Many security protocols have appeared in the academic literature, with various goals, such as establishing a cryptographic key, or achieving authentication (where an agent becomes sure of the identity of the other agent taking part in the protocol). These protocols are supposed to succeed even in the presence of a malicious agent, called an intruder; this intruder is assumed to have complete control over the communications network, and so can intercept messages, and introduce new messages into the system using information from messages he has previously seen. Unfortunately, a large proportion of the protocols that have been suggested do not succeed in their stated goals!

The Security Protocol Research Group at Oxford University Computing Laboratory uses the process algebra CSP for the specification, analysis and verification of security protocols.

Our approach is based around the CSP model checker FDR. A small system running the protocol is modelled as a CSP process; the most general intruder who can interact with the protocol is also modelled as a CSP process. FDR is then used to test whether the resulting system satisfies various properties such as "ensures secrecy" or "achieves authentication". If it does not, FDR returns a trace of the system that causes the desired property to fail: this trace corresponds to an attack upon the protocol.

This approach has been applied to several protocols, and has produced a number of attacks.

In order to aid this analysis, we have developed a program Casper that generates the CSP description of the system from a more abstract specification.

It is often not clear precisely what an security protocol is intended to do; in particular, different researchers seem to mean different things by the word authentication. we have identified several different forms of authentication, and formalized them using CSP.

One weakness with the CSP/FDR approach is that it can only be applied to finite (typically small) instances of the protocol. This means that if no attack is found, there may still be an attack upon a larger instance. We are currently investigating under what circumstances it is enough to analyze only small instances: more precisely, we have discovered sufficient conditions under which if there is no attack on a particular small system, then there is no attack upon any larger system.
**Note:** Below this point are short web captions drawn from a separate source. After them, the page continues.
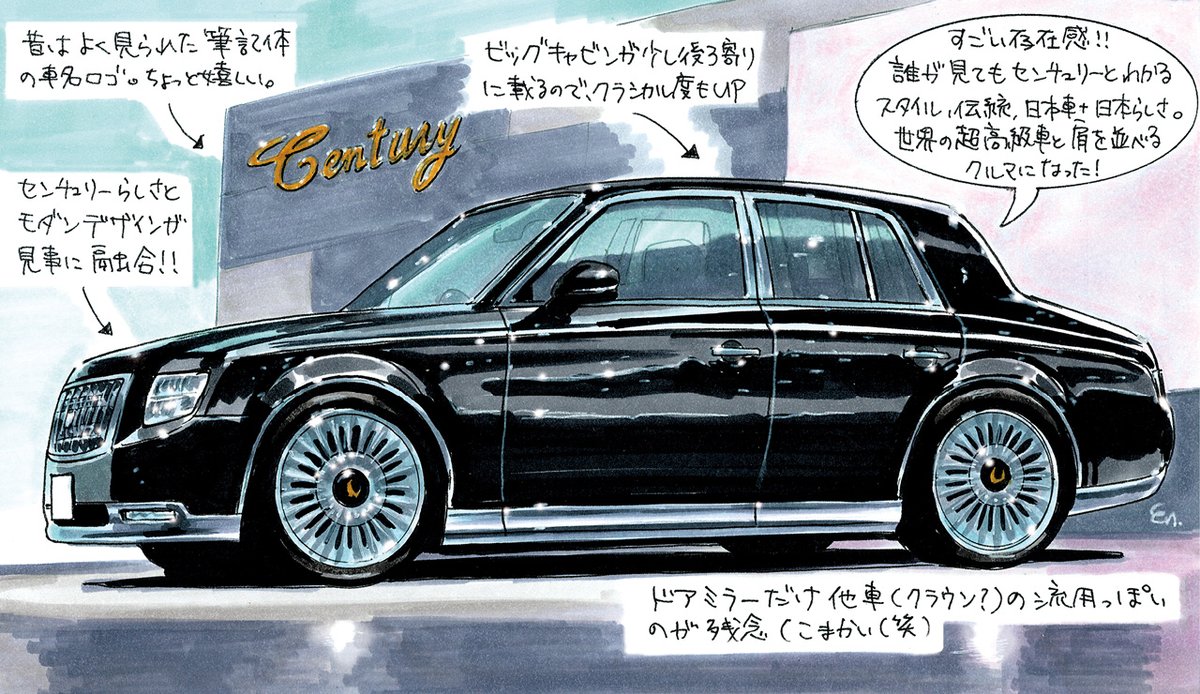 Endoizuru 遠藤イヅル 私的イラスト傑作選 6 雑誌 Navi Cars より 東京モーターショー17 紹介 イラストから抜粋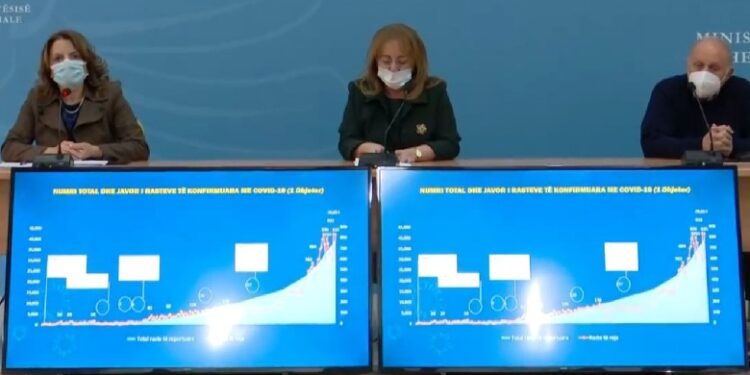 A do të ketë mbyllje gjatë fundjavës: Këto janë masat e reja të komitetit të ekspertëve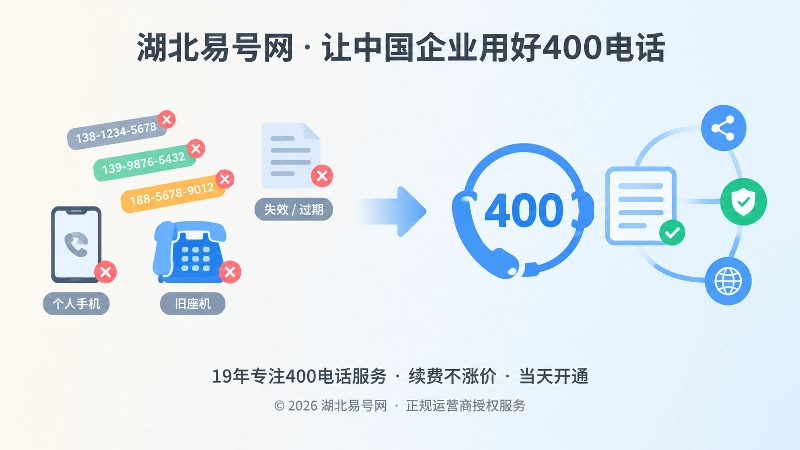 旧号码失效与400电话统一入口的左右对比插画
Many commercial protocols are rather large and complicated. This makes their direct analysis using CSP and FDR infeasible, because of the resulting explosion in the state space and message space sizes; it also makes any other form of analysis more difficult, because of the mass of details. We are therefore investigating safe simplifying transformations for protocols, that is transformations on protocols such that if there is an attack on the original protocol, then there is also an attack on the transformed protocol. The idea is, starting from a large, complicated protocol, to apply as many such transformations as possible, without introducing new attacks; if the resulting protocol is secure, then so is the original.